Thread: Would it be possible to have parallel archiving?

Would it be possible to have parallel archiving?

From
hubert depesz lubaczewski
Date:
Hi,
I'm in a situation where we quite often generate more WAL than we can
archive. The thing is - archiving takes long(ish) time but it's
multi-step process and includes talking to remote servers over network.

I tested that simply by running archiving in parallel I can easily get
2-3 times higher throughput.

But - I'd prefer to keep postgresql knowing what is archived, and what
not, so I can't do the parallelization on my own.
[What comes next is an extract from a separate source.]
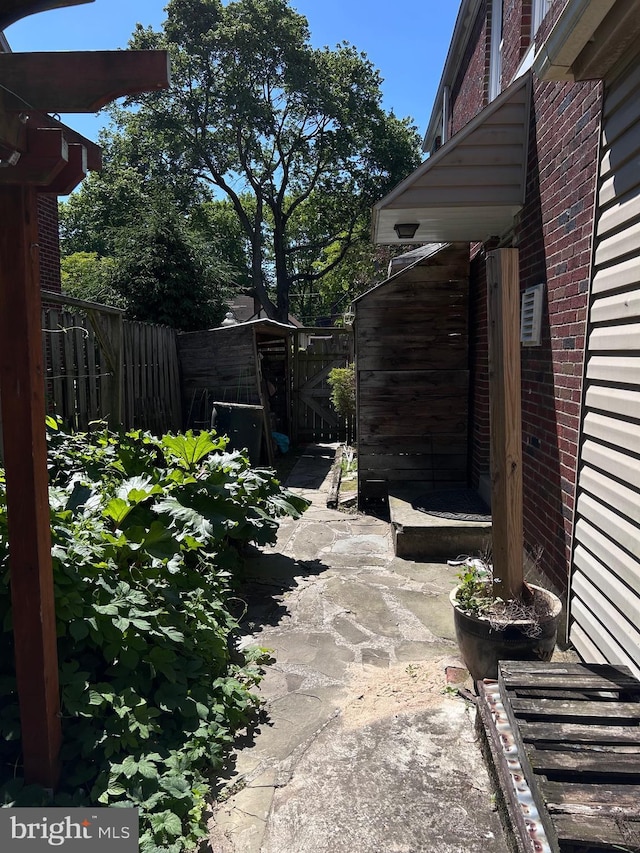 2619 Filbert Ave, Reading, PA 19606 - view of patio / terrace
So, the question is: is it technically possible to have parallel
archivization, and would anyone be willing to work on it (sorry, my
c skills are basically none, so I can't realistically hack it myself)

Best regards,

depesz



Re: Would it be possible to have parallel archiving?

From
Alexander Kukushkin
Date:
Hi,

There is the archive_status directory in pg_wal, and if there are
files with suffixes ".ready", you can archive not only the file which
was requested, but quite a few more if there are  ".ready" files
available. After that you have to rename ".ready" to ".done". Postgres
will not call archive_command for files which already marked as
".done".

I think most of the good backup tools already doing that. For example,
pgBackRest, wal-e, wal-g (just named the tools I was working with)/

Regards,
--
Alexander Kukushkin


Re: Would it be possible to have parallel archiving?

From
hubert depesz lubaczewski
Date:
On Tue, Aug 28, 2018 at 08:33:11AM +0200, Alexander Kukushkin wrote:
> There is the archive_status directory in pg_wal, and if there are
> files with suffixes ".ready", you can archive not only the file which
> was requested, but quite a few more if there are  ".ready" files
> available. After that you have to rename ".ready" to ".done". Postgres
> will not call archive_command for files which already marked as
> ".done".

Ah, I was missing this information. Thanks a lot.

Best regards,

depesz



Re: Would it be possible to have parallel archiving?

From
Stephen Frost
Date:
Greetings,

* hubert depesz lubaczewski (depesz@depesz.com) wrote:
> I'm in a situation where we quite often generate more WAL than we can
> archive. The thing is - archiving takes long(ish) time but it's
> multi-step process and includes talking to remote servers over network.
>
> I tested that simply by running archiving in parallel I can easily get
> 2-3 times higher throughput.
>
> But - I'd prefer to keep postgresql knowing what is archived, and what
> not, so I can't do the parallelization on my own.
>
> So, the question is: is it technically possible to have parallel
> archivization, and would anyone be willing to work on it (sorry, my
> c skills are basically none, so I can't realistically hack it myself)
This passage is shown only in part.